Ma fuori da cosa? vi prego di scusare il campanilismo rioplatense nella risposta, l’essenza principale del tango non può essere altra che quella di rappresentare, spiegare, trasmettere e condividere il modo di essere degli abitanti di Montevideo e Buenos Aires. Il tango, come musica, nasce alla fine dell‘800 per dare all’abitante di Buenos Aires un ritmo adatto ai passi di una nova danza, che aveva bisogno di una musica con frasi melodiche corte e un’esecuzione ritmica veloce (i primi tanghi erano eseguiti in 2/4) per eseguire la sua frenetica coreografia, con la quale esaltare le capacità individuali e dimostrare chi era il boss di quell’universo che Borges chiamò “la setta del coltello e del coraggio5”, soddisfare questa necessità per il tango fu la sua prima essenza.
Non solo nei sobborghi di Buenos Aires e Montevideo le abitudini sociali cambiavano. Il mondo alla fine del ‘800 stava cambiando, le masse incominciavano ad avere un ruolo importante nelle scelte politiche, sociali e culturali, cambiavano le abitudini, le vecchie e caste danze dove uomini e donne si sfioravano appena, lasciavano spazio ai balli di coppia dove i ballerini si legavano in un abbraccio, l’esempio più rappresentativo: il valzer. Sotto questo vento di cambiamento e in un’Europa aperta a tutte le novità esotiche fa la sua apparizione il tango. Nel 1906 i cadetti della Fregata Sarmiento (nave scuola delle flotte navali argentine) nel loro viaggio annuale di circumnavigazione, lasciarono in ogni porto visitato spartiti del tango La Morocha, nel 1907 un gran magazzino di Buenos Aires, la Casa Gath & Chàvez, invita a Parigi il compositore e interprete Angel Villoldo, con Alfredo Gobbi e sua moglie Flora Hortensia Rodrìguez a registrare alcuni tanghi su disco. Villoldo farà ritorno a Buenos Aires nel 1908, mentre i coniugi Gobbi resteranno in Europa diffondendo il tango fino allo scoppio della Prima Guerra Mondiale.

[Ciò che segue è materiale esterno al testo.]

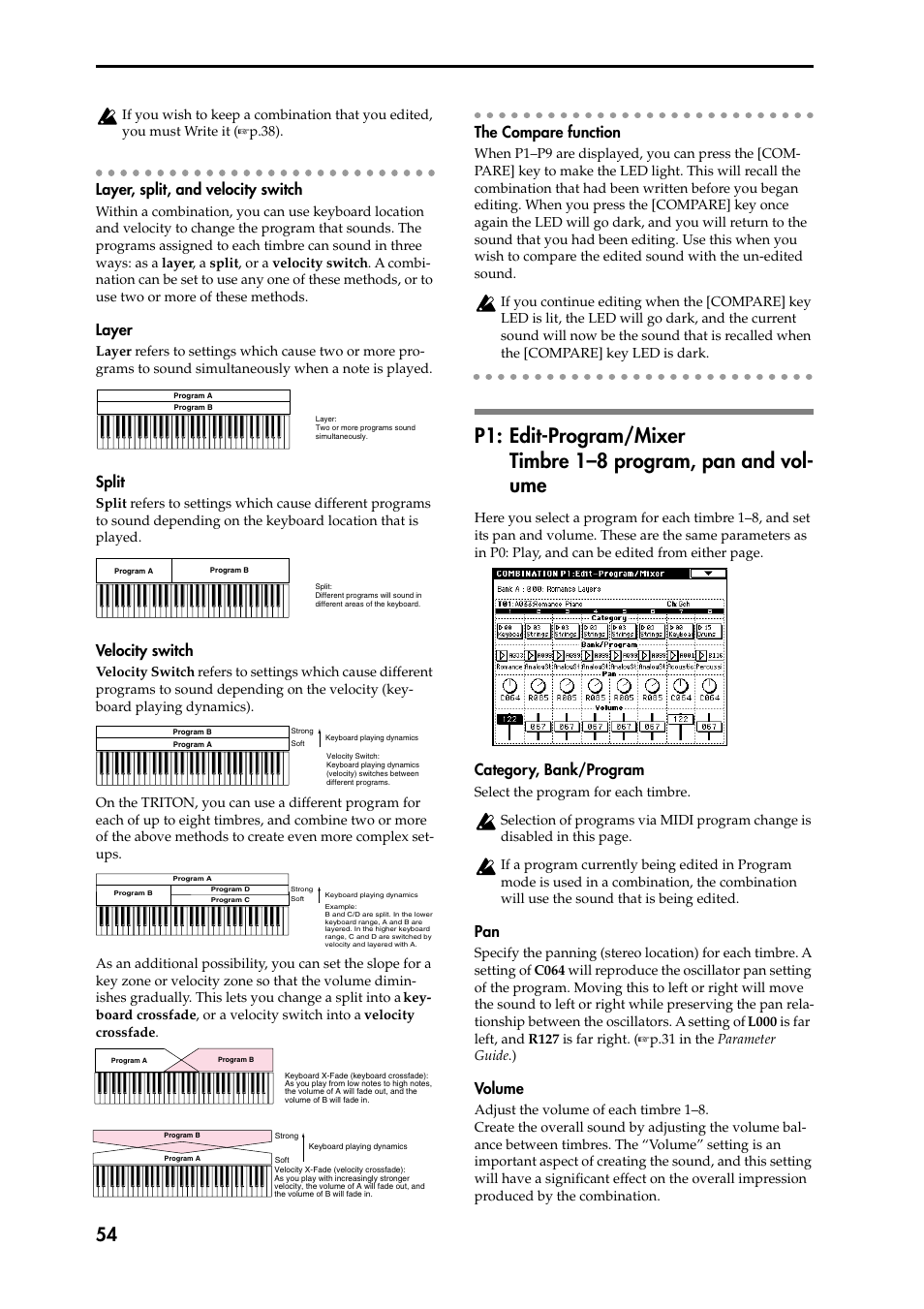 Layer, split, and velocity switch, Layer, Split | Velocity switch, The compare function, P1: edit-program/mixer timbre 1–8 program, pan and, Category, bank/program, Volume, P1: edit-program/mixer, Timbre 1–8 program, pan and volume | KORG Speaker System User Manual | Page 58 / 144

Questi sono dati che le cronache dell’epoca hanno documentato, ma con molta probabilità il tango ha avuto altri pionieri sconosciuti in Europa. Nel 1908 uno studio cinematografico londinese aveva messo a disposizione del pubblico un documentario dove maestri argentini insegnavano i primi passi del tango, fatto che dimostra il successo commerciale della nuova danza.
L’eco del successo del tango in Europa non tardò ad arrivare al Rio de la Plata, dove il tango danza non era ancora accettato come ballo di società in alcuni settori conservatori di Buenos Aires. Nel 1913 il Barone De Marchi spinto dal successo del tango in Europa, organizza una festa in un locale della città di Buenos Aires per “introdurre” il tango nell’alta società, mossa inutile secondo alcuni cultore del tango. Un giornalista dell’epoca, che scriveva con lo pseudonimo di Viejo Tanghero6, criticò l’evento replicando che la danza esibita in quell’occasione non fosse tango, ma una danza creata per uso e consumo degli europei e non il vero tango dei sobborghi di Buenos Aires. Per noi è molto difficile conoscere qual era il “vero tango” cui facesse riferimento il giornalista, perché il tango “folklorico” non è mai stato registrato, tranne che in alcune descrizioni non molto dettagliate. Da questa cronaca una cosa rimane: la sentenza del Viejo Tanguero: “Questo non è tango” che sarà una costante per identificare i grandi cambiamenti dentro del fenomeno tango. Ma dopo quest’europeizzazione del tango la sua essenza dov’era rimasta? Il fiume del tango seguiva il suo corso, a partire del 1910 la società rioplatense diventava più omogenea, i figli degli immigranti nati a Buenos Aires avevano voglia di lasciare le vecchie imitazioni e le sfide di danza che caratterizzavano i tempi passati e avevano bisogno di un tango diverso dove poter riflettersi dando spazio all’età d’oro della Guarda Vieja7.